The executives who run Wisconsin’s public sector unions have responded to the passage of Governor Scott Walker’s anti-worker bill by rushing to put in place contracts that impose all of the bill’s demands for financial concessions on the state’s 375,000 teachers, nurses, city workers and other public employees.
The officials are doing so because contracts that begin before the law goes into effect are exempt from the requirement that public sector unions hold annual recertification elections and the elimination of automatic dues deduction from workers’ paychecks.
In other words, the union executives are moving swiftly to protect their own financial sustenance, while imposing draconian pay and benefit cuts inspired by the Walker bill. These include a sharp increase in worker contributions to insurance and retirement costs, which amounts to a $4,000 cut in annual take-home pay for the average public employee.
This reveals the fundamentally opposed interests of workers, on the one side, and the union apparatus and entire political establishment on the other.
A partial analysis of union financial filings with the Internal Revenue Service and the Department of Labor demonstrates the class chasm separating workers—who earn an average $51,000 a year—from the union officials who purport to represent them.
In reviewing the figures one should keep in mind that the listed salaries are augmented by thousands, if not tens of thousands, more in expense accounts, perks, salaries of spouses and other family members also on the union payroll and compensation from other positions on union, corporate or government bodies.
* Marty Beil, executive director of the Wisconsin Public Employees Union (WPEU), took home nearly $162,000] in 2008, the last year for which documents are available. At least five other WPEU executives made upwards of $100,000.
* The state American Federation of State County and Municipal Employees management boasts 19 members who made more than $100,000] in 2009, including chief executive Rick Badger, who made $133,000.
* Gerald McEntee, the national president of AFSCME, pocketed almost $480,000 in 2009, according the Center for Public Integrity.

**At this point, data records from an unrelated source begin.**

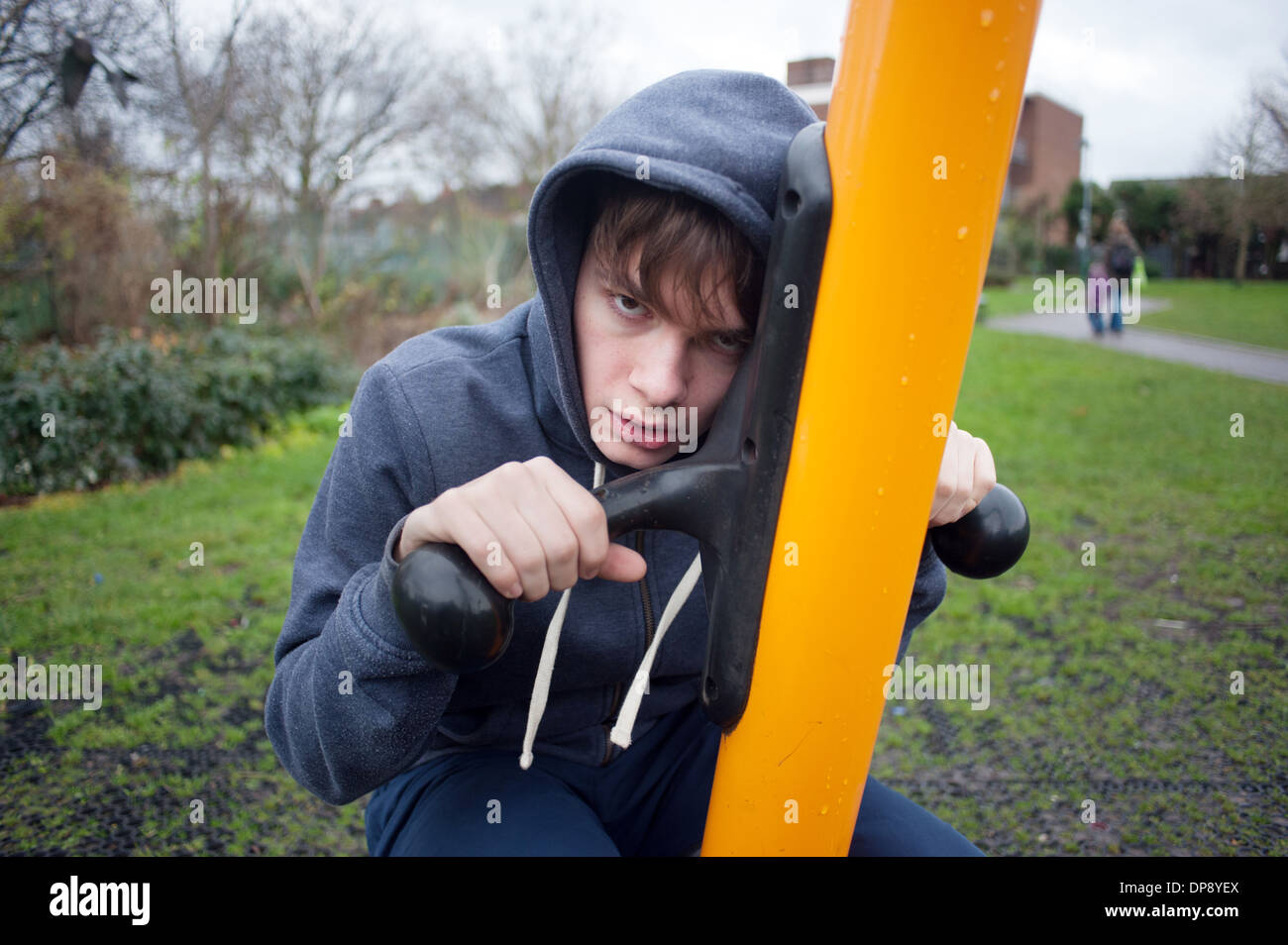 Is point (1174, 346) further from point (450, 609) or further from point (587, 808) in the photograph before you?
point (450, 609)

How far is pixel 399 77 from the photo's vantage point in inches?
462

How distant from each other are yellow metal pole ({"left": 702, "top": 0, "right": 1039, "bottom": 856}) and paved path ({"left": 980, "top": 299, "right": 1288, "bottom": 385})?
11.5 metres

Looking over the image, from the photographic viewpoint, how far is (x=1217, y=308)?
18.5 metres

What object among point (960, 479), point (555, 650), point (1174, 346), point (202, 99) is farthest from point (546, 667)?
point (1174, 346)

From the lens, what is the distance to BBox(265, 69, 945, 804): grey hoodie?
46.1 inches

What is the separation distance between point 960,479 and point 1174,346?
14359mm

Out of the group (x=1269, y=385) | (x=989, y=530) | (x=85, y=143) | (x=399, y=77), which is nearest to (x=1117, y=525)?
(x=989, y=530)


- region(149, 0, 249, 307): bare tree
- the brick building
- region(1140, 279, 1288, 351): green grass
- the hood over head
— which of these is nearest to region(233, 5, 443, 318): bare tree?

* Mary Bell’s Wisconsin Education Association Council (WEAC) union distributed the most to its non-elected staff. Bell took home $173,466 in 2008, according to the WEAC’s IRS 990 form. She was second among union management. Executive Director Dan Burkhalter was paid $242,807. Four other executives were paid nearly $190,000, and another was given $165,112.
* WEAC’s parent organization, the National Education Association, has 31 headquarters officers and employees who earn more than $200,000 in pay and benefits. The president, Dennis Van Roekel, received $397,721 in salary and benefits.
* Rose Ann De Moro, the executive director of National Nurses United, who was brought to Wisconsin to promote “progressive” unionism—and who has been heavily promoted by the pseudo-left International Socialist Organization—makes $293,000 per year. Her family income totals $435,000 if you add the salary of her husband, Robert, a “researcher” for the same organization.
* AFL-CIO President Richard Trumka made at least $283,340 last year; American Federation of Teachers President Randi Weingarten made $620,000 from two jobs in the same union. There are literally thousands of union officials who make over $100,000 per year, and, as of 2008, almost 100 who took home more than $400,000.